A winter jersey idea...
I don't know about the rest of you, but I'd like a winter cycling jersey that makes me look like this guy. All that foam would be plenty warm, but it would probably need some ventilation. Maybe a vertical row of surgical sutures down the front?
(Image from Seattlest)
There's ample precedent for such a jersey, of course. Just remember Super Mario at the prologue for the Giro. Cippolini was fined for wearing this skin suit and he didn't do well in the time trial, but more importantly he got his photo and his sponsor's logos on the front pages. Wearing this in Oklahoma might get me arrested.
(Image from The Daily Peleton)
Now, Mario had the actual musculature to complement the skin suit. I'm not exactly quite as buffed. In fact, I better resemble Patrick O'Grady's Old Guy Who Gets Fat In Winter.
(Image from Amazon.com with links to O'Grady's book)

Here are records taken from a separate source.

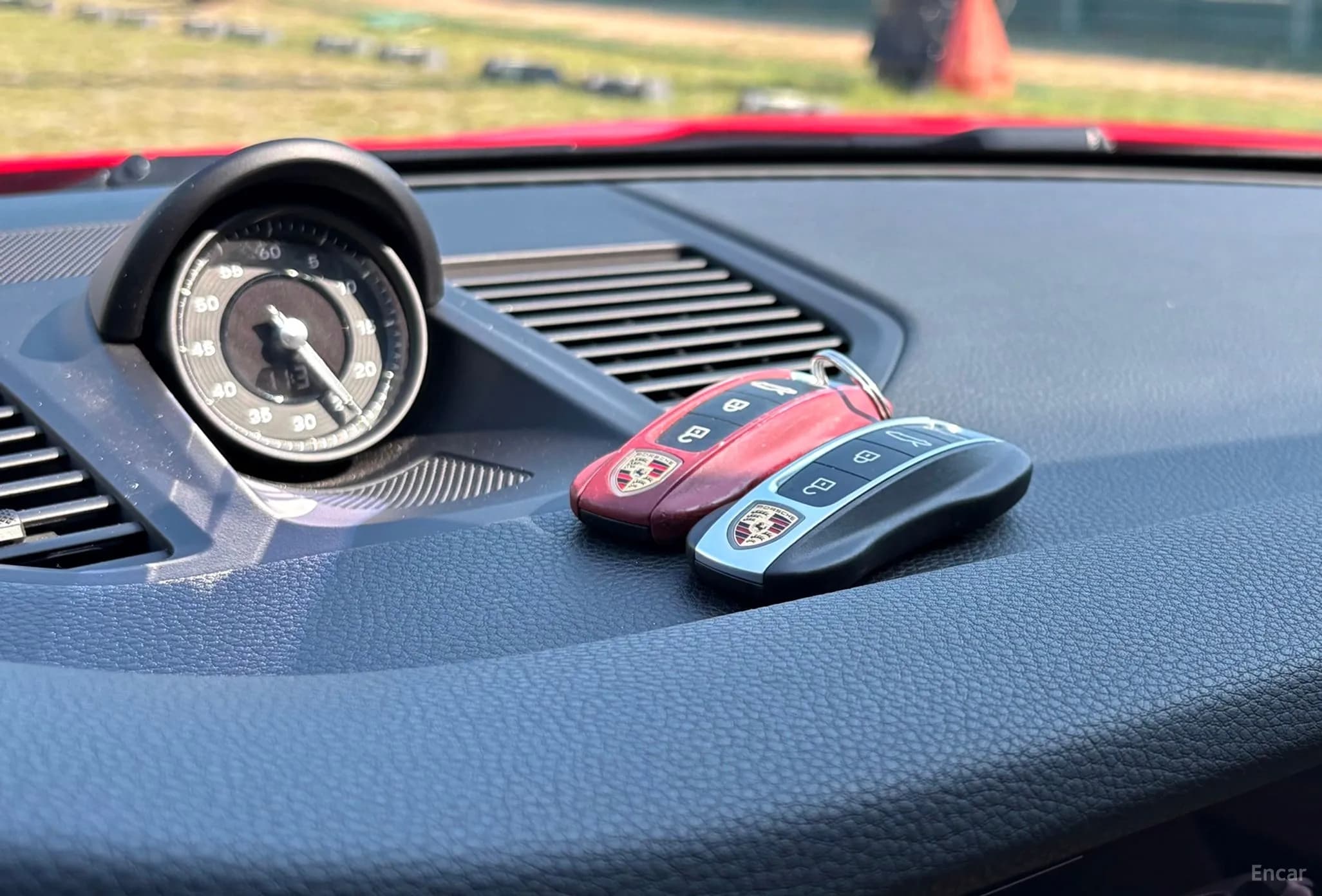 911 (992)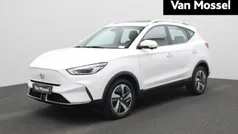 Wit Gebruikt 2023 MG ZS Luxury Sedan | € 21.444 (Eerlijke prijs)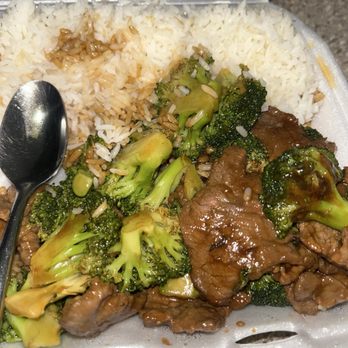 Wok Go - Curry Chicken, Beef or Shrimp (Combo) - Chinese Near Me - Acworth, Georgia Wok Go - Curry Chicken, Beef or Shrimp (Combo) - Chinese Near Me - Acworth, Georgia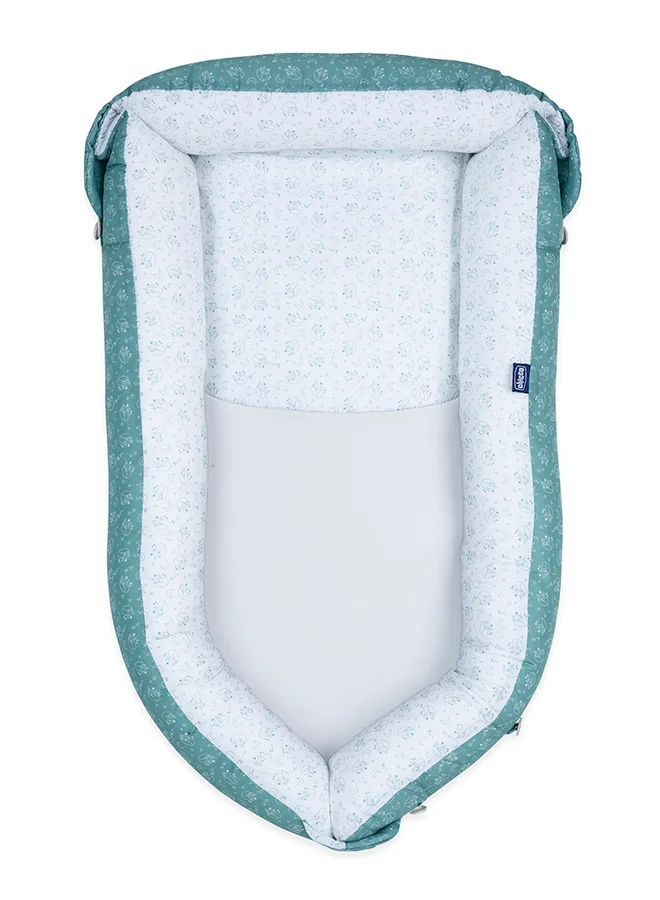 شيكو فراش مامي بود بتصميم صغير وحواف لسرير الأطفال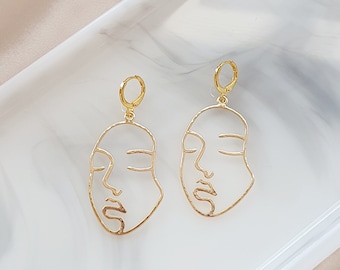 Pendientes con cara abstracta bañados en oro de 18 quilates / Pendientes elegantes y modernos / Regalo para ella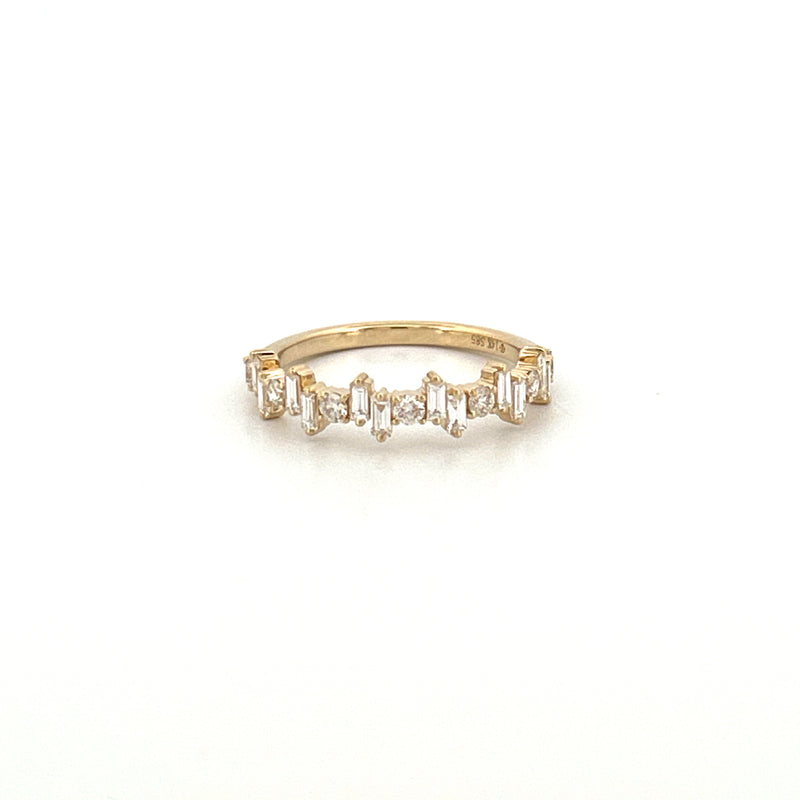 14K Gold Staggered Round and Baguette Diamond Band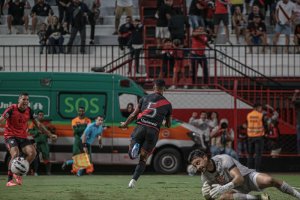 CRB sofre terceira derrota seguida e aumenta jejum na Série B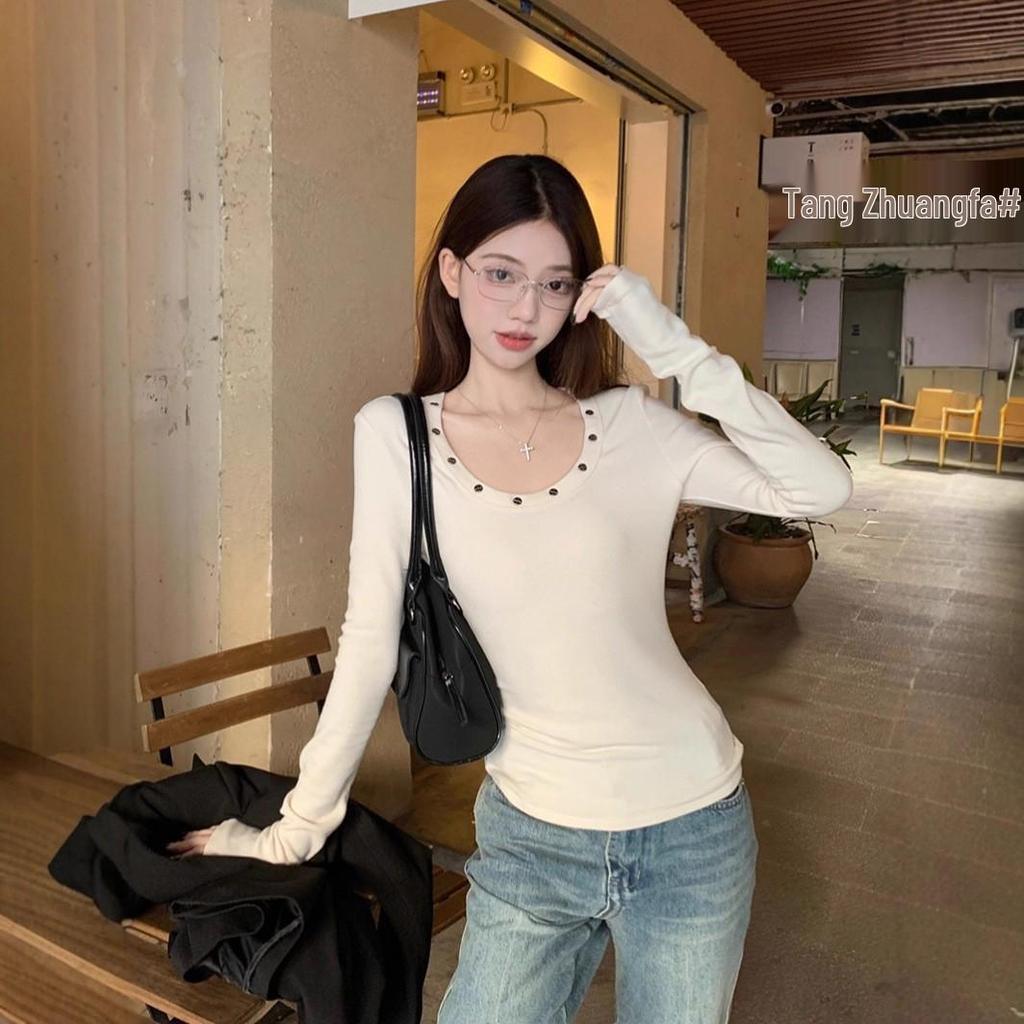 Spicy Girl Rivet Round Neck Slim Fit Long Sleeve T-shirt for Women's Autumn/Winter Wear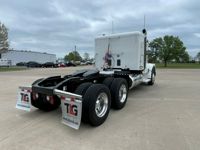 2022 Peterbilt 567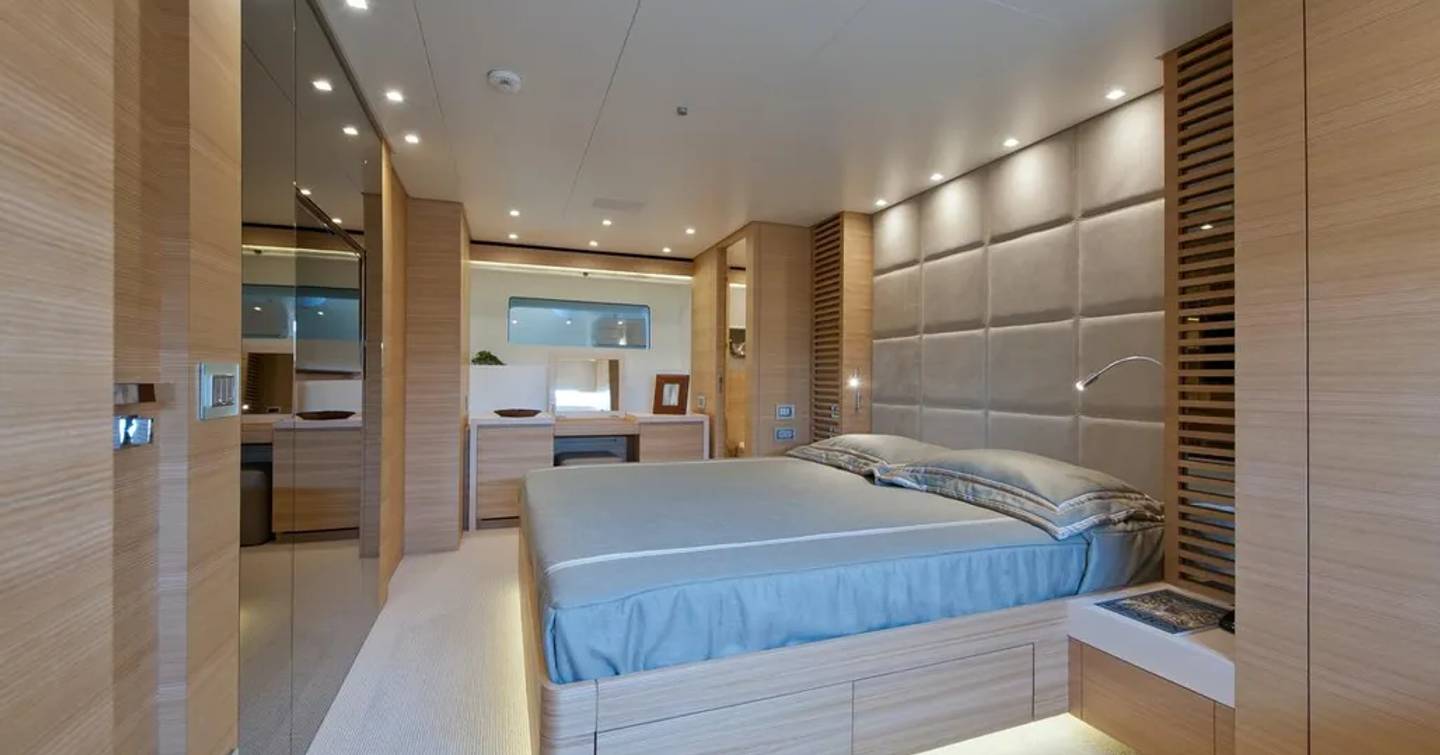 Motor yacht Fontana's VIP bedroom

I was thinking about writing something about the holiday eating season, but in truth, I've been slowly gaining weight all summer, fifteen pounds in total. It's tempting to blame it all on others, especially She-Who-Must-Be-Obeyed and her understudy, Number One Daughter, but when I'm being honest I have to admit it's my own lack of will power. Instead of eating what I need, I eat what I want, and that's a bad habit. It's also a tough habit to break.
So don't think I'm being anti-social when I turn down the double-fudge, ultra chocolate brownies your wife made just for our shop dinner. It's one on my rare exhibitions of will power.